These are ultralight scones, studded with blueberries and cream cheese, and drizzled warm from the oven with a fresh lemon glaze. They’re a cheery breakfast on a dreary day – like when you’re hoping spring would just show up already! As far as weekend breakfasts go, these don’t require extreme effort.
Just a quick turn with a pastry blender, some patting together with your hands, mixing with a few blueberries.
There may be a few blueberry casualties along the way. No worries. Just pat those scones out into a disk, cut into eighths, and bake.
Meanwhile, put together a quick glaze. Lemon zest, powdered sugar, fresh lemon juice and a pat of butter.
If you’re really nice, you could serve breakfast in bed.
Or, you could just dig right in yourself.
blueberries and cream scones with fresh lemon glaze
adapted from Tyler Florence’s Real Kitchen
for the scones:
2 cups all purpose flour
1 Tbsp baking powder
½ tsp salt
3 Tbsp unsalted butter, cold
2-3 oz cream cheese (use at least 2 oz and up to 3, if you’d like more)
1 cup whole milk*
1 cup fresh blueberries
for the lemon glaze:
zest of 1 lemon (or meyer lemon)
juice of 1 lemon** (or meyer lemon)
1 cup powdered sugar
½ Tbsp butter
Preheat the oven to 400ºF. Stir the flour, baking powder and salt in a mixing bowl. Add pieces of butter into the bowl, and blend in with a pastry blender until the butter is in very small pieces. Next, blend in pieces of the cream cheese, leaving some of the pieces unblended. (These will form nice little pockets of cream in the scones as they bake.) Add the milk, stir with a spoon until just incorporated. The mixture will be quite scraggly. You don’t want to overwork this dough. Dump in the blueberries and mix in with your hands. Turn the dough out onto the countertop and form a disc. Cut into eighths.
Place wedges on a baking sheet and bake for 15-20 minutes, until golden brown.
While scones are baking, put together the glaze: combine lemon zest, juice, powdered sugar and pat of butter. Zap in the microwave 30 seconds.
Let the scones cool for a few minutes after baking and drizzle with the glaze. These are best served warm. (If you don’t drizzle the extras with glaze, you can wrap them up and save them for the next day. Not quite as good, but I doubt anyone would turn one down.)

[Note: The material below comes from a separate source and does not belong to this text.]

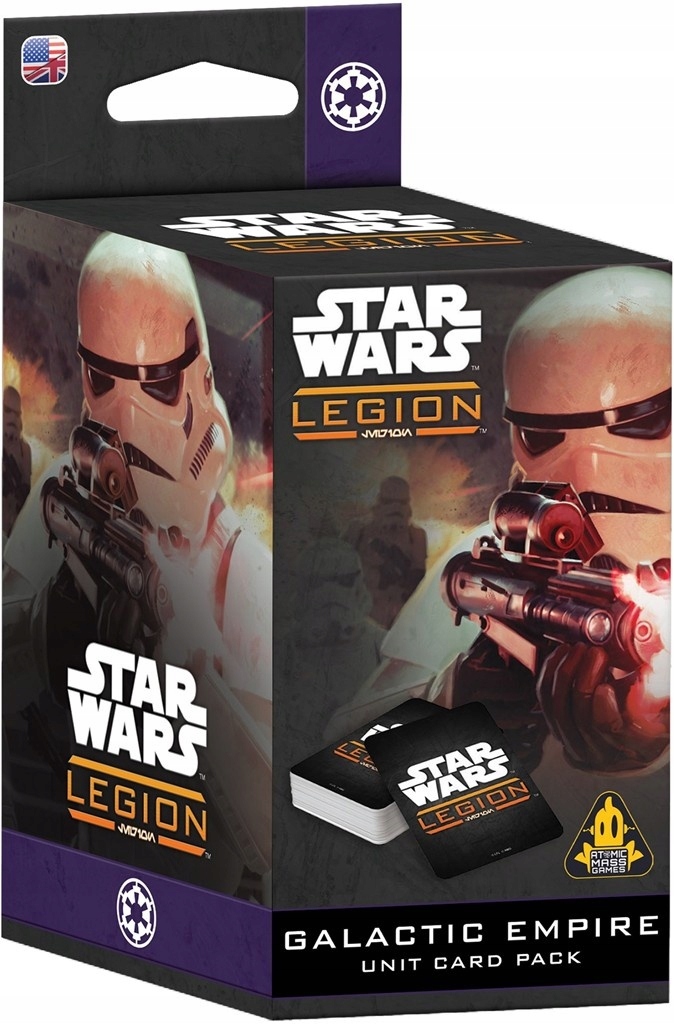 Star Wars: Legion 2.0 - Galactic Empire - Zestaw kart jednostek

* 2% milk is fine; half & half is great. Tyler’s recipe calls for heavy cream. I don’t really think these require cream because the texture achieved with whole milk is just about the same.
** The juiciest lemons are the heaviest for their size. Also, to extract the most juice from your lemon, give it all little roll on the counter before squeezing out the juice.